Bell dances across the stage dressed in a suit coat adorned with paint-splattered wings, tattooed tights and a black, sequined Thrasher Magazine shirt. Under the blacklights, the shirt’s logo burns a bright yellow and red. I try to imagine a younger Bell with wild blonde curls on a skateboard, skating London’s South Bank.
“Breathe” whisks us away from the ’80s to 2005’s renaissance release, Nightbird. It’s an era that I’d happily stay in for a while, but the present is calling, and 2017’s World Be Gone is highlighted with “Just a Little Love” and the only non-single of the night, “Sweet Summer Loving.”
The suit coat is the first to go, and the Thrasher shirt soon follows, revealing that the tights were part of a full-body tattoo suit.

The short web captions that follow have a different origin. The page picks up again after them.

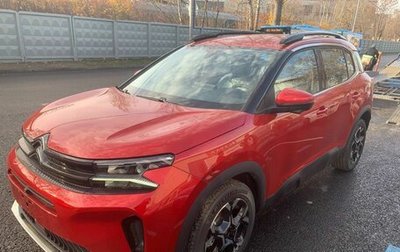 Citroen C5 Aircross I, 2024 год, 3 999 000 рублей, 1 фотография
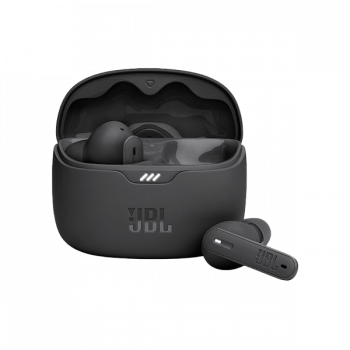 JBL Tune Beam In Ear Wireless TWS Ear Phone | Black JBL Tune Beam In Ear Wireless TWS Ear Phone | Black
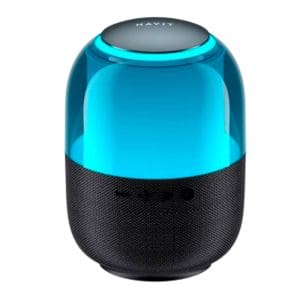 Parlante Portátil SK894BT Havit - Image 3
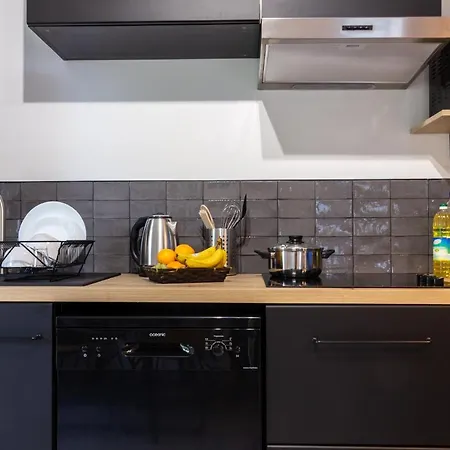 Appartement Toulousecitystay Colomiers Exterior foto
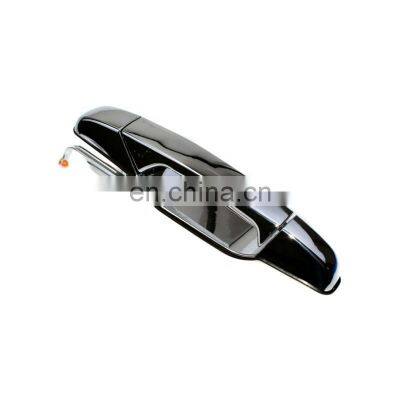 Задняя левая дверная ручка 15915659 22738725 для Chevrolet Silverado, GMC Sierra 07 - 13, Cadillac Escalade 2012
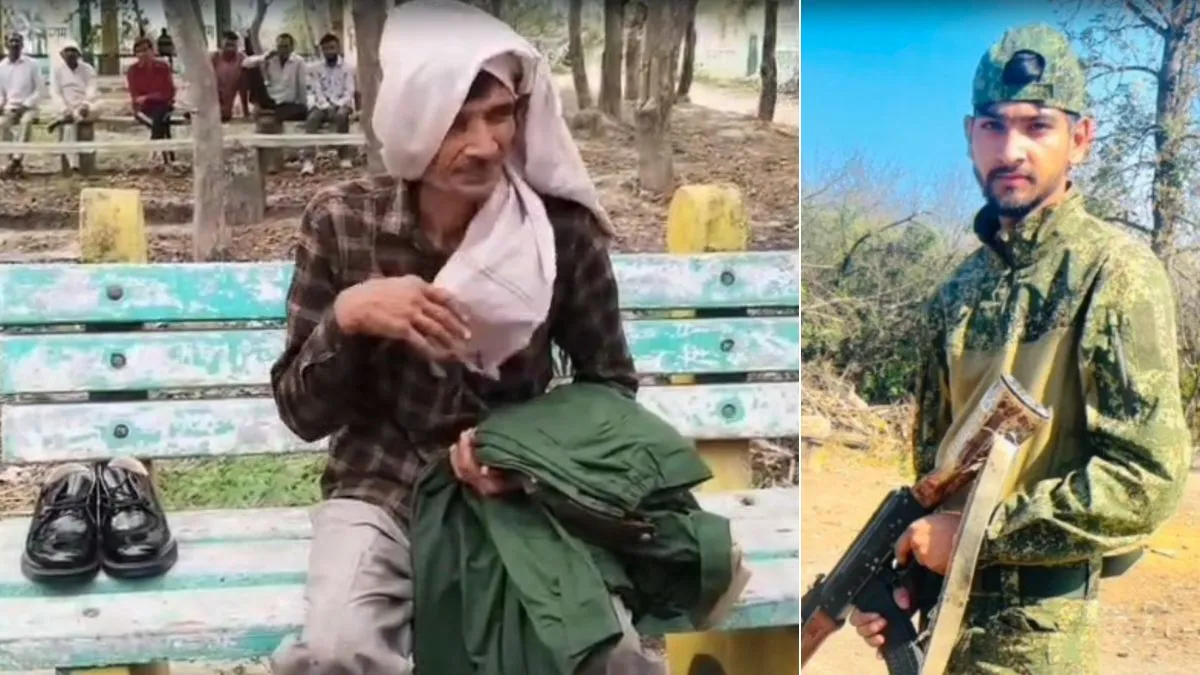 anuj russia- India TV Hindi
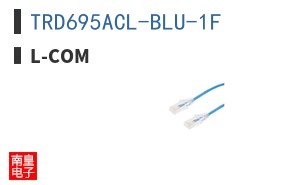 TRD695ACL-BLU-1F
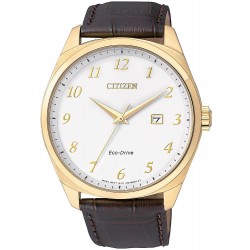 Купить Citizen Мужские Часы Metropolitan Eco-Drive BM7322-06A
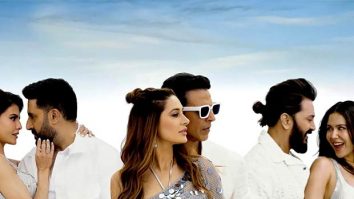 Housefull 5 Box Office: Grows well on Saturday, crosses Rs. 150 crores mark Housefull 5 Box Office: Grows well on Saturday, crosses Rs. 150 crores mark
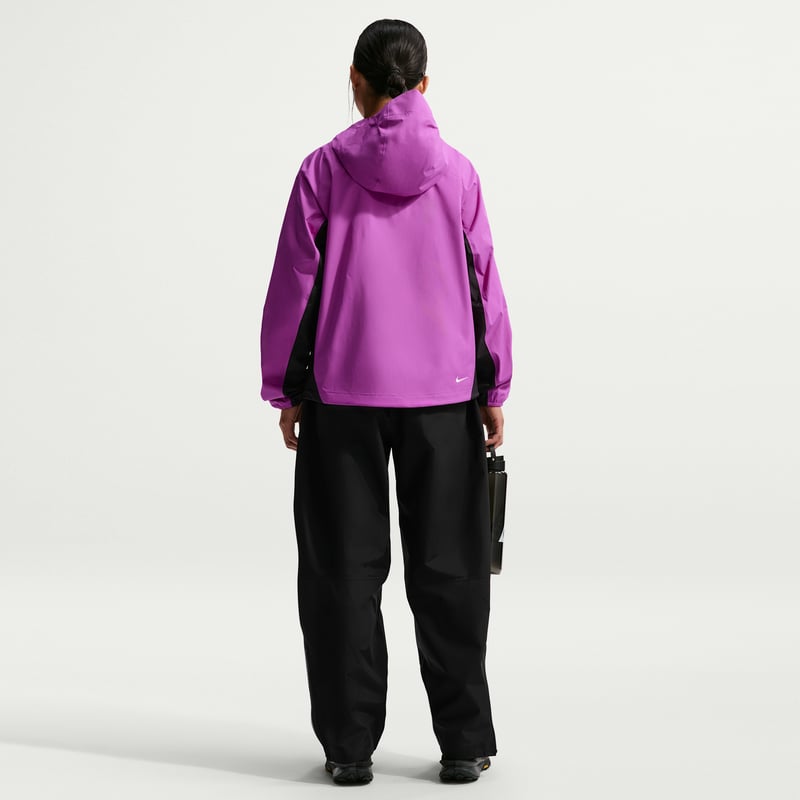 Nike ACG "Phantazma" Storm-FIT ADV Jakke "Vivid Purple" | Dame | | 05 | SPORTSHOWROOM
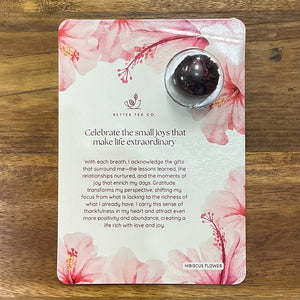 BETTER TEA CO - BLOOMING TEA GIFT CARD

Bell jokes that he was considered for the role of Gollum in The Lord of the Rings films.
With a wink, we’re taken back to 1987 with “Victim of Love,” pushed forward to 1988 with “Phantom Bride,” brought back to the present for a stirring rendition of “World Be Gone,” and then transported to the very beginning with “Who Needs Love Like That.”

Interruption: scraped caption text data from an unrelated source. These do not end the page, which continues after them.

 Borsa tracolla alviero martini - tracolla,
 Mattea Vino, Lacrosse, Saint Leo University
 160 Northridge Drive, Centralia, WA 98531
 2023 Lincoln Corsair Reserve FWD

Bell, always the gentleman host, is talkative tonight, talking about shopping for makeup, bantering with the front row while sipping whiskey tea from a “T.J. Maxx flask.”

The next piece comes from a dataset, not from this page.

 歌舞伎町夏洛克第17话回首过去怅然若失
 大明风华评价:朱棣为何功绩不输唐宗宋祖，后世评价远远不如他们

Erasure frequently work a cover song into their set, and this tour’s selection is Blondie’s “Atomic.” There are a few dozen Erasure originals that I’d prefer to be hearing. Still, if you are going to sing a disco anthem about someone’s hair, “Atomic” at least sounds good.
Returning to their own back catalog, we’re given “Love to Hate You,” the night’s only visit to 1991’s Chorus. It’s also the one track that doesn’t appear on their recent live release, World Be Live, recordings pulled from last year’s shows in London.
1989’s Wild! is represented by two of its singles, “Blue Savannah” and “Drama!” I always associate the album with the memory of Holly, a classmate who was lucky enough to attend the Wild! Tour’s Salt Lake stop. She had the audacity to wear a T-shirt from the show to school the following day. I quietly boiled over with envy. (Maybe not so quietly).
“Love You to the Sky,” the lead single from World Be Gone, arrives next. By the song’s end I’m a blubbering mess. It’s like crying in Superman Returns or at the end of Star Wars: The Last Jedi. I have my reasons, but it’s unexpected nonetheless.
I pull myself together for “Sometimes,” Erasure’s fourth single and their first bonafide hit in England.
This is followed by “Always,” the lead single from 1994’s I Say, I Say, I Say. Unlike the video, Jason Statham does not make a cameo appearance.
The set ends with “Stop!,” a track from the Crackers International release that served as a Christmas release in 1988 and a bridge between the The Innocents and Wild! releases.
Thunderous applause follows—genuine, stand-on-your-feet applause.
We’re rewarded with “A Little Respect,” and in that moment, dozens of bucket lists moved closer to completion.
Selfishly, having seen Erasure a handful of times now, I would have liked a set that was focused on the newer material. A bit of Light at the End of the World and Tomorrow’s World with a large dollop of The Violet Flame and a side of the self-titled release. And Cowboy. And a track or two from Loveboat.
Still, it was a pretty amazing night.